Background: I’m a 31 year old living in Tokyo with my husband. I have an odd cycle pattern where I go from short cycles of 27-28 days to 31-32 days to even 34-36 days. And it’s kind of a process that repeats itself. Because the latest I ever got was on day 37, I’ve always made a note of being ultra careful between like day 7-21. We got married 6 months ago, but our wedding ceremony was just a month ago. We come from fairly traditional families so we were hell bent on being careful at least until ceremony (this is considered the real deal in our cultures, not the legal document). Well, I was in my short cycle stage so on day 19, after wedding, I was like “okay the chances are pretty low and even if worst comes to worst, at least it won’t be scandalous”. So we had unprotected sex.
After that, I had this weird feeling the whole time that I fucked up really bad. I was aware of this the whole time. By the time day 28 rolled around, I was anxious for my period to start. Nothing came. But I knew it was too early to panic. Took a 6 days sooner test. It was negative. So I kinda waited around. On day 30 I saw a bit of brownish/pinkish discharge and I became hopeful. Usually I get some spotting for a few days before the full blown bleeding. Nothing came. By day 35 I was freaking out. I took another test. It was just a faint shadow but I was like that’s just an evaporation line. Day 36, I fairly confidently took another test expecting negative….lo and behold…a faint purple line begins appearing next to the control line.

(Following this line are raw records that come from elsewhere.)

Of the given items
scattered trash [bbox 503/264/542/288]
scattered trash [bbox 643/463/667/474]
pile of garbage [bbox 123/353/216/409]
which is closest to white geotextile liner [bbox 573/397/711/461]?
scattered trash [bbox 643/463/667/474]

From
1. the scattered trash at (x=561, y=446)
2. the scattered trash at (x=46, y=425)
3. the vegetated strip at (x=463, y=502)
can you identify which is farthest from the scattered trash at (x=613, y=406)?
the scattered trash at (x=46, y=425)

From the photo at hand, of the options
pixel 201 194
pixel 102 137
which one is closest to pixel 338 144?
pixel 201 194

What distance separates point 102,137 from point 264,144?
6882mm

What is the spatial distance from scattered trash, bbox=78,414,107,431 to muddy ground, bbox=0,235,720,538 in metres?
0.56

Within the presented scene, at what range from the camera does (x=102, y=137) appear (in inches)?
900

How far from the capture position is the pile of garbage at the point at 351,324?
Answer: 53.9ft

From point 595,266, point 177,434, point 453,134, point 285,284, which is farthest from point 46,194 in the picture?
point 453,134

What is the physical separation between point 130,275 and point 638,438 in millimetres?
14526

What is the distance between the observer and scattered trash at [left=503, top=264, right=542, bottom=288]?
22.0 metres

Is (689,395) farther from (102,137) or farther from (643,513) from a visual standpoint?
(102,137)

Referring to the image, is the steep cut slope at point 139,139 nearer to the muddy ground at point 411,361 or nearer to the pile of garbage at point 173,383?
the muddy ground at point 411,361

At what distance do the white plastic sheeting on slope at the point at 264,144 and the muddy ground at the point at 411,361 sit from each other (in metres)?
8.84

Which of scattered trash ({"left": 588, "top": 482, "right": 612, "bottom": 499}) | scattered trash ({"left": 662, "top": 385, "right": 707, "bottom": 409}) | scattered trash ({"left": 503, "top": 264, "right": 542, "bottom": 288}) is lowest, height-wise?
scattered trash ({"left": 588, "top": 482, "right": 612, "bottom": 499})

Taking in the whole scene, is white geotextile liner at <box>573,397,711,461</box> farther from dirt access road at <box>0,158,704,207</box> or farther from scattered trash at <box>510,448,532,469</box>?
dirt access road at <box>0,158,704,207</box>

From that point onwards I haven’t been the same. I feel like I am no longer me. Today I took another test…the second line this time was still faint but stronger than yesterday.

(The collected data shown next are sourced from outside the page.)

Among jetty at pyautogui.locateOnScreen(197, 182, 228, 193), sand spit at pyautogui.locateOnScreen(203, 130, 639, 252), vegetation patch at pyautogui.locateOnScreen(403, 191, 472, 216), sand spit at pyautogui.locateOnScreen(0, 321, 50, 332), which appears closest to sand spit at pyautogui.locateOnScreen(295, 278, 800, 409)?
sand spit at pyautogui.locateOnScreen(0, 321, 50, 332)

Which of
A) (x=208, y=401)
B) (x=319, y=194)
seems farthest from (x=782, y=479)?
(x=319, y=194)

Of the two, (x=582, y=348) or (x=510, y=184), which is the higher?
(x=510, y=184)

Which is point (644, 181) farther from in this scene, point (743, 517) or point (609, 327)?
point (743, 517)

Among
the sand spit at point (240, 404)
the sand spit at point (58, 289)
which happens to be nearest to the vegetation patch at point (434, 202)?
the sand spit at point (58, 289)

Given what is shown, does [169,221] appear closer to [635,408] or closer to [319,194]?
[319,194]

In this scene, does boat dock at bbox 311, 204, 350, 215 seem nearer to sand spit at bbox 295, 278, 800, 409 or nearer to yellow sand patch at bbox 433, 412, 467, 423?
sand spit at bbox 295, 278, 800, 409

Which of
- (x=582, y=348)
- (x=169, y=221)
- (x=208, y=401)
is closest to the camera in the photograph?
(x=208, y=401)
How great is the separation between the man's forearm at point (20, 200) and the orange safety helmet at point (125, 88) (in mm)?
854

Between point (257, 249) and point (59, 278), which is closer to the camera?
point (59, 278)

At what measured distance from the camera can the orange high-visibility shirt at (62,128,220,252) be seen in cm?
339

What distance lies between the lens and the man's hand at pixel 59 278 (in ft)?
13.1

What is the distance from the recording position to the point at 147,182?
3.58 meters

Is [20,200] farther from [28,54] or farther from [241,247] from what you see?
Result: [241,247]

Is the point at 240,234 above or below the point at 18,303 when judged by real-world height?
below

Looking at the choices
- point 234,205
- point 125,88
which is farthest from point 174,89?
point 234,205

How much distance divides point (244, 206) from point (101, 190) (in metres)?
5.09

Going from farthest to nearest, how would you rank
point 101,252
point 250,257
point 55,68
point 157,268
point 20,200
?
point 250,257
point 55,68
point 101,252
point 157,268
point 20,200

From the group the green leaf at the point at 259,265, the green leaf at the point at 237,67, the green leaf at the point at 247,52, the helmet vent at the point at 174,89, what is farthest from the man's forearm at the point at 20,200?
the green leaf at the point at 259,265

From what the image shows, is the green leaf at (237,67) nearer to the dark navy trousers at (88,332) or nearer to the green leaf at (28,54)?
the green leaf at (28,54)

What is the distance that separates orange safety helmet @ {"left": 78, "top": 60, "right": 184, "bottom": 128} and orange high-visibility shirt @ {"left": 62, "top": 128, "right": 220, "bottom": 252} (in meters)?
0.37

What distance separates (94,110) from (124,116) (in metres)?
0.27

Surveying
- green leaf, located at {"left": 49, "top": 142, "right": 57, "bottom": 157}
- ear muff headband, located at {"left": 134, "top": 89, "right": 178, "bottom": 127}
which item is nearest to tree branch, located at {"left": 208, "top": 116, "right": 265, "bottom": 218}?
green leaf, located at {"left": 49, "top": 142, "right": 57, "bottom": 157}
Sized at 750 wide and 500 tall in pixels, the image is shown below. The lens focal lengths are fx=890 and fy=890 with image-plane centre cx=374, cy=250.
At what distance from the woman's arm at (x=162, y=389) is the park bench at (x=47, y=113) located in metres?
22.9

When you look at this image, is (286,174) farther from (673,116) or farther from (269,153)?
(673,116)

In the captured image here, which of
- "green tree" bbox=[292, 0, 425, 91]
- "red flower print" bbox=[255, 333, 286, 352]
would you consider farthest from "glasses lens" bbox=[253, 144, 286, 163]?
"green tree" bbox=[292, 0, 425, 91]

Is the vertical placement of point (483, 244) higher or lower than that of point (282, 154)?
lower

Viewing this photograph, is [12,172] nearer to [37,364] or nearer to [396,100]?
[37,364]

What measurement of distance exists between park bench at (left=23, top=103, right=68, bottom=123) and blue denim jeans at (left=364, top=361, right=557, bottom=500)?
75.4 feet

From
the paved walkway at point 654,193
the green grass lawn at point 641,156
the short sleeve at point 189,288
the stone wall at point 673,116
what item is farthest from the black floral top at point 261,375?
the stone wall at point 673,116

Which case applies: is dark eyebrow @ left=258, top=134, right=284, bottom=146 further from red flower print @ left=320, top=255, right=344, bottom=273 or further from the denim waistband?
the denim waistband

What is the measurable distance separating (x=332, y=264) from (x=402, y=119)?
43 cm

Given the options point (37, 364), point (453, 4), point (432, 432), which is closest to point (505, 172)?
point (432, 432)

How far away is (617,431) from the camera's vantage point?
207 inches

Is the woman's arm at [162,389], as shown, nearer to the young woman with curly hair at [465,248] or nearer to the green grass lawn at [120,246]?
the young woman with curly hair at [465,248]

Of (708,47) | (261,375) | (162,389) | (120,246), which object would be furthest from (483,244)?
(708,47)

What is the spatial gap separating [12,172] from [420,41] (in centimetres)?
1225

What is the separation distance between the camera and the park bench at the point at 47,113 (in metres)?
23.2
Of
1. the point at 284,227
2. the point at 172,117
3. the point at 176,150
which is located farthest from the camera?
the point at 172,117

I told my mom, my husbands mom too. They are overjoyed. And I have been super curious and wanted to experience childbirth and neonates for a long time, but I always saw it like…just a curiosity that I should probably satisfy by being a midwife or something. Not actually create and be responsible for a whole ass life. I’m freaking out about all the changes I have to make to my life and it makes me feel so foreign the whole time. My mom supports abortion if I choose that but MIL doesn’t even consider that an option. She believes we are totally financially ready. We probably are. But I’m in the middle of my PhD. And I know my decision shouldn’t be based on what others think. But a part of me wants to experience the change and is excited for it, but there’s another part that’s also freaking out about the change and not ready to let go of drinking, late nights with friends, eating like a college kid…Is it normal to feel this way? Anyone else with experiences of unplanned pregnancy and in a similar point in life, how did you cope with it?